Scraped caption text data
* * * * *

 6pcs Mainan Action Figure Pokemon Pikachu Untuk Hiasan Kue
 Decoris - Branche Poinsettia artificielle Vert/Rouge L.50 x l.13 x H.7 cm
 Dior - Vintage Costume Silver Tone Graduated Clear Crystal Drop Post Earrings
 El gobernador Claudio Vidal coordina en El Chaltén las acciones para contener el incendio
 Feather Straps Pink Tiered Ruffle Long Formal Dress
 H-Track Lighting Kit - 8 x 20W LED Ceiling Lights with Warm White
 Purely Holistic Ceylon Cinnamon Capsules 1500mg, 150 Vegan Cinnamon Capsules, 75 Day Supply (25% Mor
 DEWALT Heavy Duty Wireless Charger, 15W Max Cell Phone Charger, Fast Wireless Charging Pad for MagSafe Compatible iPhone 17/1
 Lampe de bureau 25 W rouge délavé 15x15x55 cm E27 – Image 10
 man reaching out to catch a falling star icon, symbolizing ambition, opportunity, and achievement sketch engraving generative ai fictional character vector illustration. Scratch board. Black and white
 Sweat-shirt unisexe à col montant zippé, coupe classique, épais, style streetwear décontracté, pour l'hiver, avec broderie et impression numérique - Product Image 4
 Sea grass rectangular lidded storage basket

* * * * *

**The problem:** The stretch of entries above that starts with the line containing "El gobernador Claudio" and goes on through the line containing "H-Track Lighting Kit" is to be transcribed exactly, and no other line is to be transcribed.

**Task solution:**
 El gobernador Claudio Vidal coordina en El Chaltén las acciones para contener el incendio
 Feather Straps Pink Tiered Ruffle Long Formal Dress
 H-Track Lighting Kit - 8 x 20W LED Ceiling Lights with Warm White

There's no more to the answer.